We were asked to develop a Machine Learning model to predict if a customer will quit the subscripted service from a Telecommunications company in the near future.
What we are trying to achieve is the concept known as Churn prediction, meaning to predict which customers are going to stop using the company services in the future.
The given input is a dataset with active customers in the last 12 months, one row per customer, with several variables in columns including demographic and behavioral data, and a last value that indicates if that customer had quit the company in that period of time.
This is a typical Machine Learning problem, that it is best addressed as a Classification problem using Logistic Regression where the sigmoid function (or logistic function) outputs the conditional probabilities of the prediction. It outputs a number between 0 and 1.
The client is a Telecommunications company in Chile, with millions of customers. The dataset is an extract of 100.000 customers of Región Metropolitana, the area where Santiago de Chile is located. The columns included are:
- Id: internal customer identification number
- Nombre: customer name
- Sexo: gender (Female or Male)
- FNAC: date of birth
- Estudios: highest level of education reached
- Actividad: classification of current economical activity.
- Comuna: location of customer's home (and location of wired contracted services). Since it is in Chile, it corresponds to the administrative division called "Comuna".
- Plan: subscripted plan with the company
- recl_3: number of complaints received in the last 3 months
- recl_12: number of complaints received in the last 12 months
- Exited: 1 or 0 if the customer quit in the last 12 months.
The data shows a churn rate of 18.2%, ie. 18.179 out of 100.000 rows have a '1' in column Exited. The goal is to get a churn prediction using this dataset as training data in a Machine Learning program.
Every row in the dataset has many columns that represent the features of each sample of the dataset. Logistic regression algorithms need numeric features, so we must assign a number to every text feature. Also, algorithms like Gradient Descent work faster when features have similar scales, so a good choice is to normalize data between [0,1]. Let's see a sample from the dataset (omitting the real ID and last name):
10 columns are available for every sample. We will use the last one, exited as the label for the training process (also the number to be predicted for any customer). We decided to dismiss in the training model the first 2 features (the customer's ID and name), considered irrelevant.

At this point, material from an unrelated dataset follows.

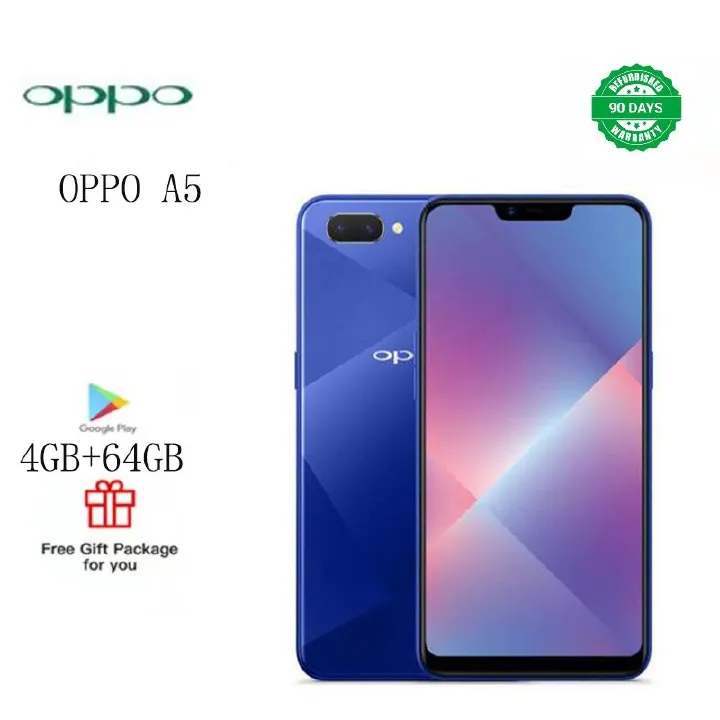 Refurbished    phones   oppo  A5   smart phone 4+64GB fingerprint free unlocking 6.2 inch supports 2G/3G/4G network dual card dual standby   13MP+8MP  4230mAh blue  4+64GB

Most features are in text mode, and we need to change them before run any model with it. It is not a minor challenge, and the selected way it is a key factor in the churn prediction success.
One option is to map text values with an integer number obtained from a sequence. The LabelEncoder class from SciKit Learn Preprocessing package does it automatically.
Using this code:
from sklearn.preprocessing import LabelEncoder encoder = LabelEncoder() encoder.fit(dataset['comuna']) dataset['comuna'] = encoder.transform(dataset['comuna'])

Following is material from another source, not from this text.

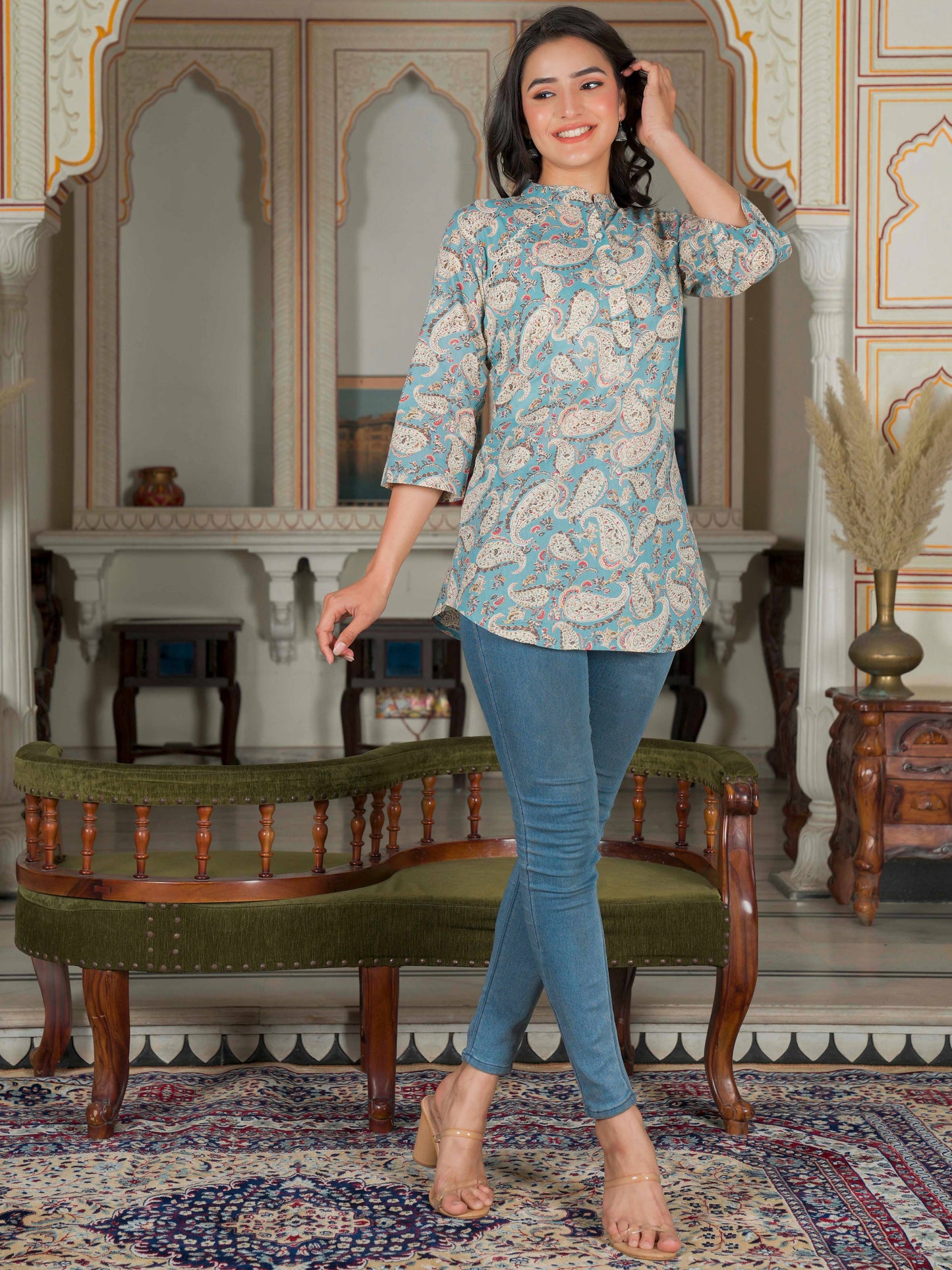 Sky Blue Print A-Line Cotton Top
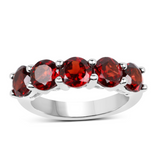 Genuine Garnet 5 Stone Ring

This transformation will change the column comuna to numbers. For example applying to the same dataset extract from above, we got:
El Bosque is now of value 0, La Granja is number 1, Lampa is number 2, and so on. If we apply the same transformation for every text feature (and also we consider only the year of birth instead of the whole date) we got every column as a number:
But, the problem with this encoding is that we introduced an arbitrary (and random) order in the data, so the model will understand for example that La Granja is between El Bosque and Lampa or that there is any close relationship between those locations. But that is false, so a misleading relationship has been introduced.
Another option is to use OneHotEncoder, which maps a column with N possible values, into N vectors with values 0 or 1.
For example, the column Sexo contains 2 possible values ['F','M'], so OneHotEncoder would map it into two binary vectors.
Using this code:
from sklearn.preprocessing import OneHotEncoder from sklearn.compose import make_column_transformer preprocess = make_column_transformer((OneHotEncoder(),['sexo']),remainder='passthrough') dataset = preprocess.fit_transform(dataset)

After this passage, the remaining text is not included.